Severin glanced at Gus
tav, the furrow between his brows deepening, then he glanced back to Alexei. “No,” he said, “I’m not helping them.”
Then he flung up his arm and shot a curling, crackling arc of flame right at Gustav.
~*~
“I’m gonna assume that’s a mage,” Trina said, gaze trained on the impossible spectacle below. She’d never seen one in action before, the way fire jetted out of the boy’s open palm, directed with the force and accuracy of a flame thrower. The sight left her mouth dry, and her pulse skipping high and fast in her throat. Through Nikita’s memory, she recalled the flame throwers of Stalingrad, the awful hiss and rush as the jets blasted through blackened rubble and smutty snow, turning humans to living torches. There were no backpacks, no gas or hoses here, just a slender, redheaded boy with empty hands.
“Shit, that’s the kid we ran into the other night,” Lanny said, drawing up beside her. “What’s he doing here?”
Behind them, there was a pained grunt, a wet sound, and then the rasp of a knife against denim.
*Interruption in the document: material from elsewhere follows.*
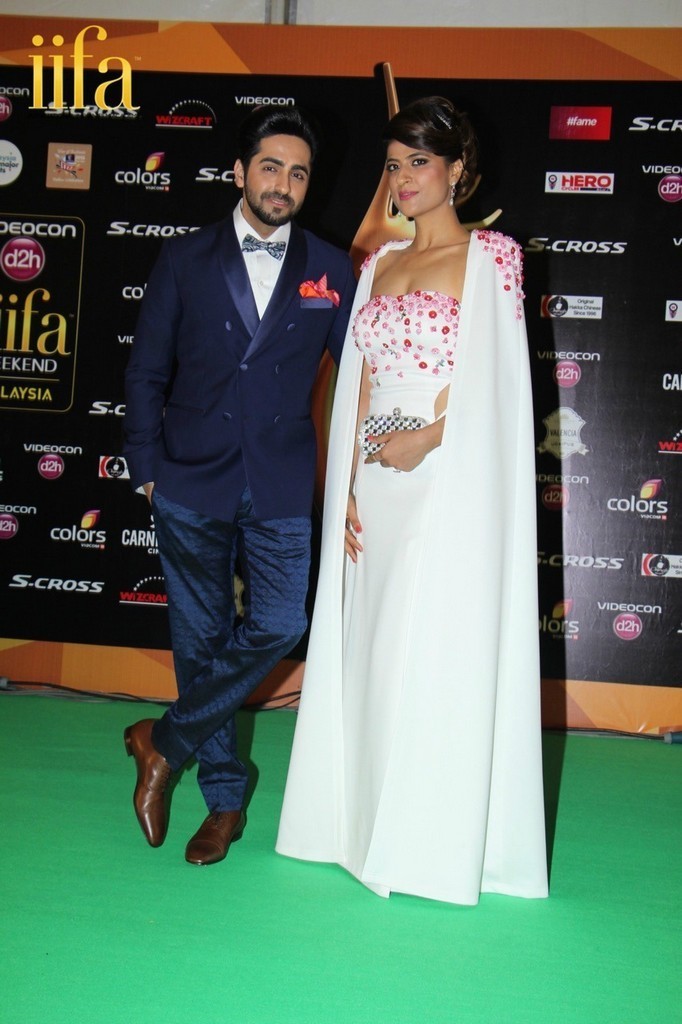 Celebs at IIFA Awards Green Carpet  - 10 / 64 photos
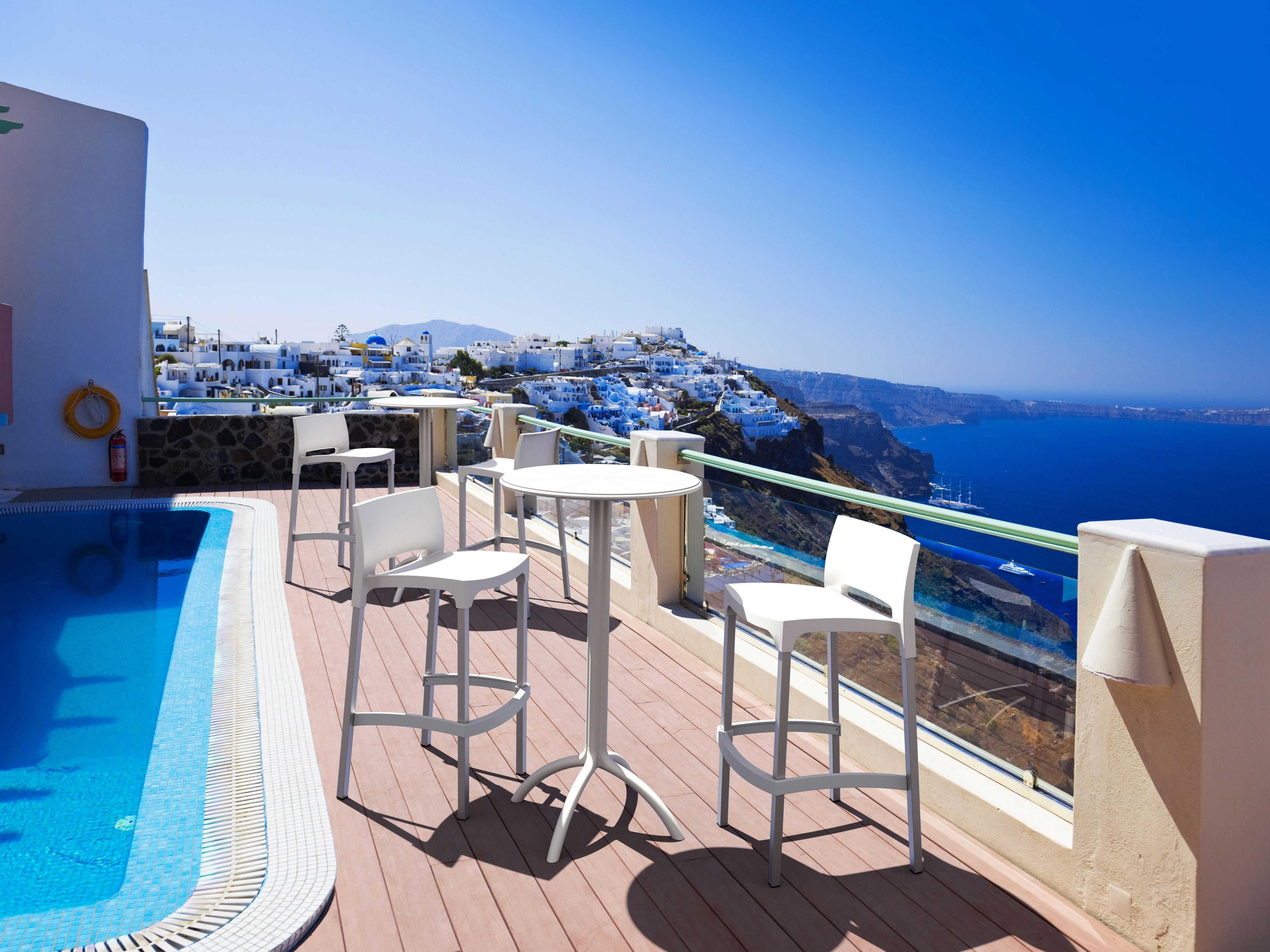 Compamia Octopus White Polypropylene Round Bar Table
Nikita joined them, wiping the edge of his knife on the leg of his black jeans. “Attacking Gustav, it looks like.”
Sasha – human-shaped again – and Kolya appeared, too, Sasha’s mouth wet with blood that he wiped at haphazardly with a sleeve. “We should go down there,” he said, bracing a hand on the parapet, preparing to jump.
Nikita stayed him with a light touch. “Or–”
“Nik,” Trina said.
“Fine, fine.”
Nik, Sasha, and Jamie went over, like it was nothing.
Lanny turned to Trina, opened his arms, and grinned. “Want a lift?”
“Um.” She trusted him, really she did, but the idea of falling that far, even in the strong arms of a vampire, turned her stomach.
“I’ll watch over her,” Kolya offered. The vampires they’d fought lay sprawled across the rooftop, either comatose, or injured too badly to heal in any kind of timely fashion. They could leave them; could go inside and down the stairs, or they could wait here.